Further than this, there are many small local projects who transcribe historical records (e.g. parish records) and offer them for free in all manner of database and textual forms. These are great resources but they exhibt the same issues as those bigger digital providers. Rather than expect them to offer ready-made citations, though, provision of comprehensive information about the origin of the data should be a mandatory consideration for them.
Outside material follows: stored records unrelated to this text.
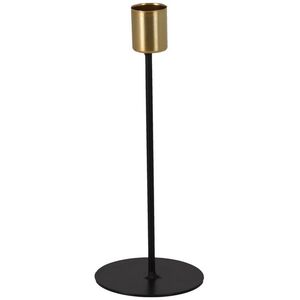 Металлический подсвечник Эдвин 21 см  Koopman фото 5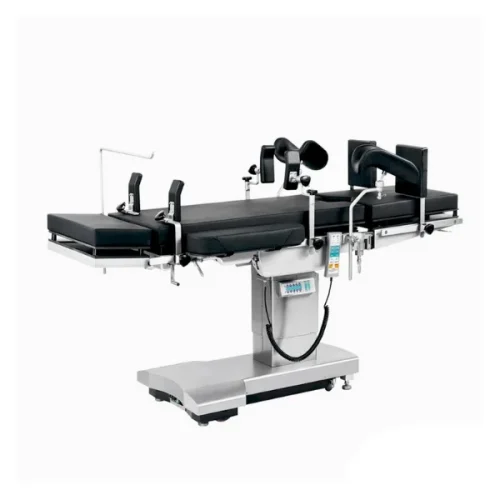 harga meja operasi elektrik gea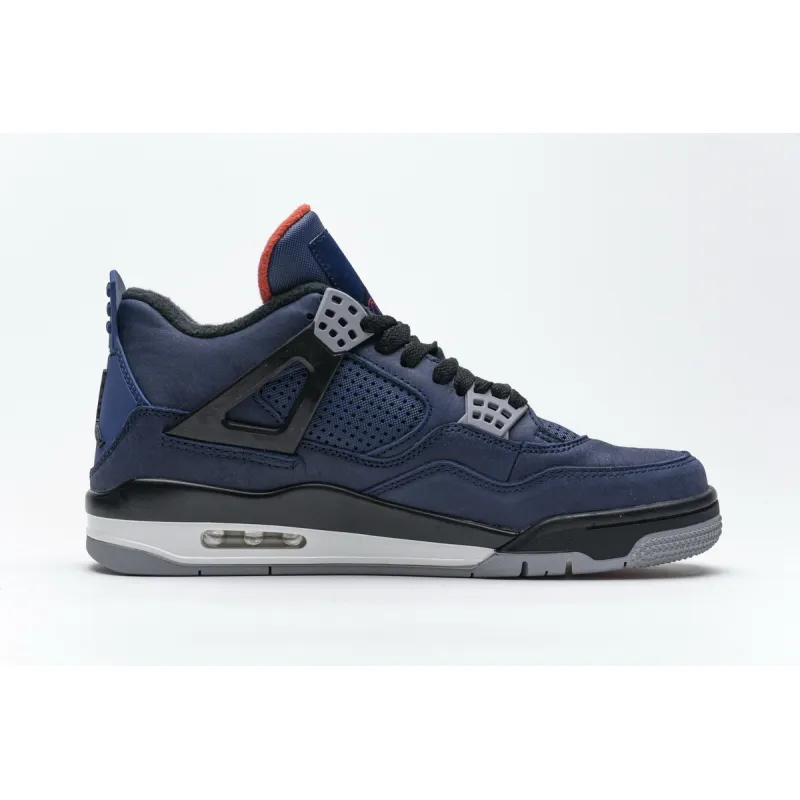  Air Jordan 4 Retro“Winterized” CQ9597-401 (Top Quality)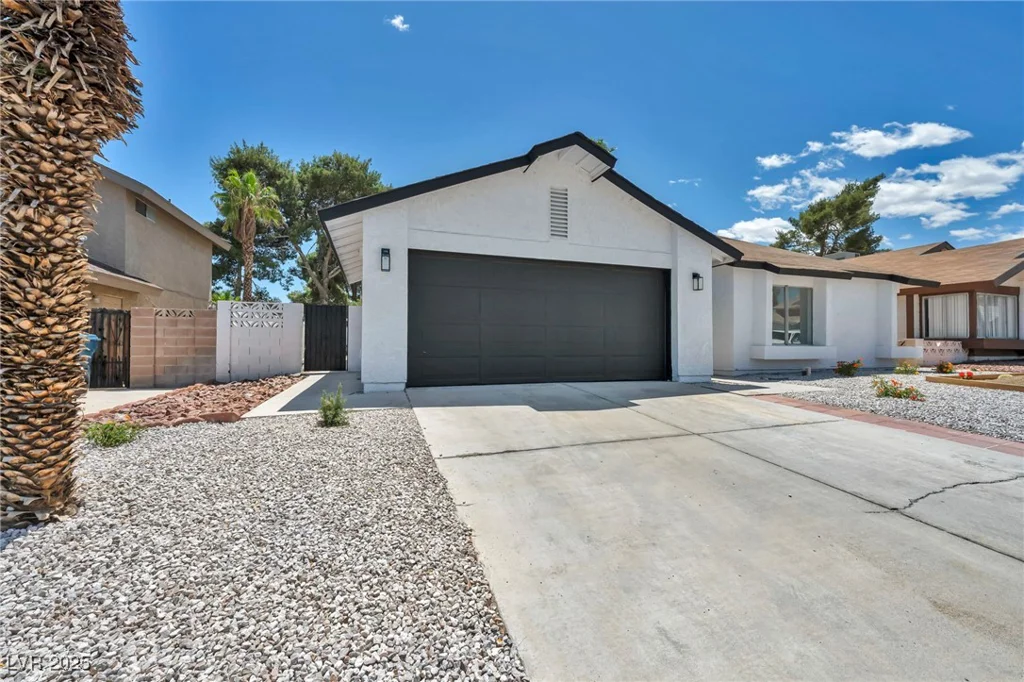 6939 Paddington, Las Vegas, NV 89147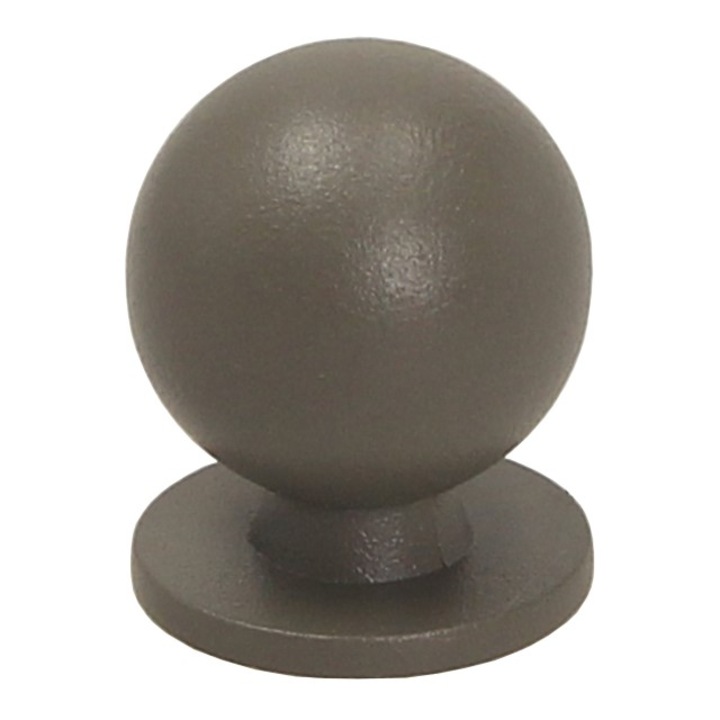 Дръжка GAMET GN33, комплект гребла, изработени от цинкова и алуминиева сплав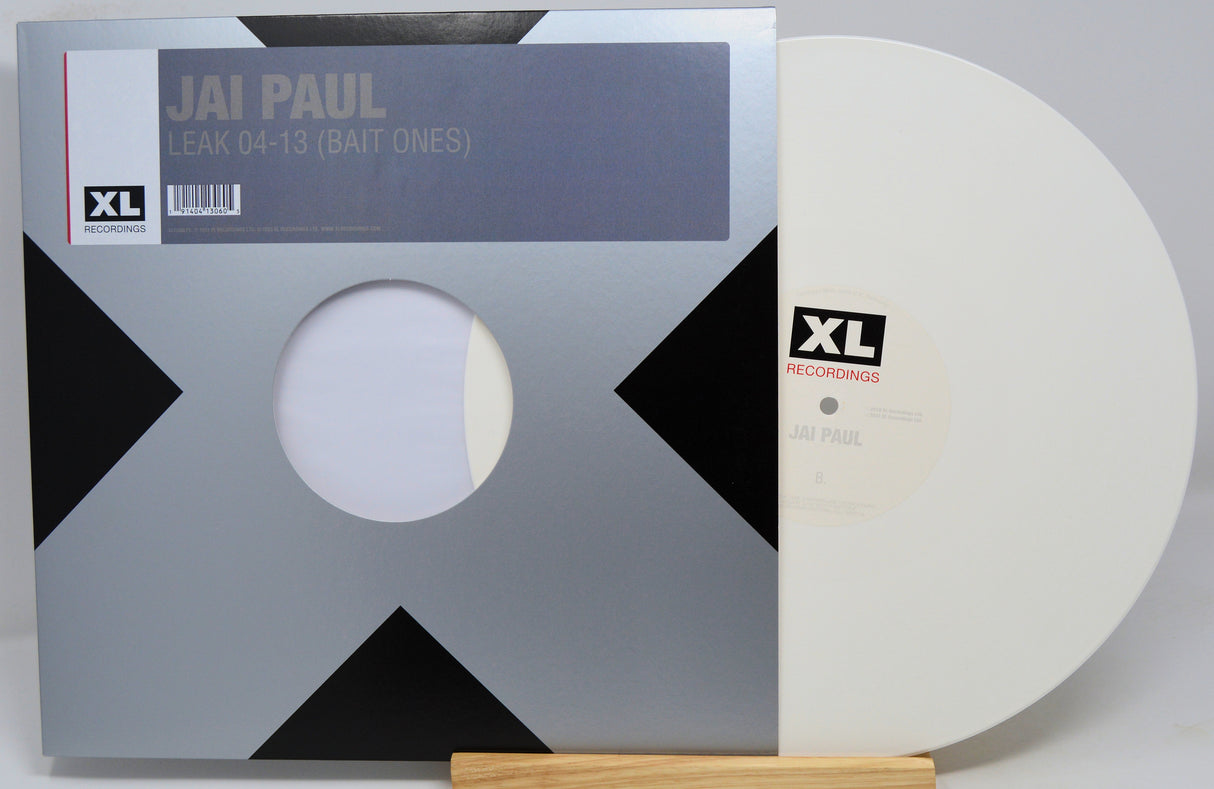 Paul, Jai - Leak 04-13 (Bait Ones)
As an instance showing the importance of this, there are collected transcriptions available for parish records from my home town/city. These are provided in a database format on CDs. They great but there is no connection declared with any original records, and no images whatsoever. The lack of images may be imposed by the local archive or the local parishes -- I am unsure -- but even if I travel back there to look at an original document, I have no concrete evidence of where and when the transcription was taken from. If there is a discrepancy then there's no way to report it back and have it confirmed. The same transcriptions are indexed by sites such as FamilySearch but they can offer no source information other than the fact that the information came from the local Family History Society.

Apologies for the long discourse but I just feel that the bigger issue is the leap from original documents to digital data -- which is now overwhelimg this field -- and that it isn't specific to the large commercial digital providers.

 

rraymond
rraymond's picture
Another problem with the FamilySearch citation

Elizabeth fixed another mistake that I don't see explicitly called out by other commenters. Not only did "the provider" mess up the format of the publication information, it neglected to include the publication date. (It left it off the collection page citation as well. https://familysearch.org/search/collection/2329948 .)

When you double-check a provider's citation, as Elizabeth wisely counsels, if a NARA microfilm publication date is missing, here's how to find it:

  1. Go to www.archives.gov
  2. Make your way to the web page where you can order microfilm. The path changes occasionally. Today:
    a.       Click on Shop Online (the brown box on the far right). A shortcut that works today is: http://www.archives.gov/shop/
    b.      On the right-hand side, part way down is “Buy Reproductions and Microfilm.” Underneath that title, click on Order Reproductions.
  3. On the menu bar along the top, click on Microfilm.
  4. Under “Search & Browse…” enter the publication number, such as A3378, in the search box. Click the Search button.
  5. Click on the search result. If the microfilm publication contains too many rolls, there may be multiple entries; click any one of them.
  6. There may be a PDF link on the right-hand side under the title “Publication Details.” If there isn’t, indicate “n.d.” in the citation. If there is, then click on “View Important Publication Details.”
  7. Open the PDF document.
  8. Scan the first several pages of the document for publication information. In the case of A3378, the first page is a typical title page and contains publication information at the bottom of the page. Many publications don’t indicate a date and you will need to specify “n.d.” in the citation.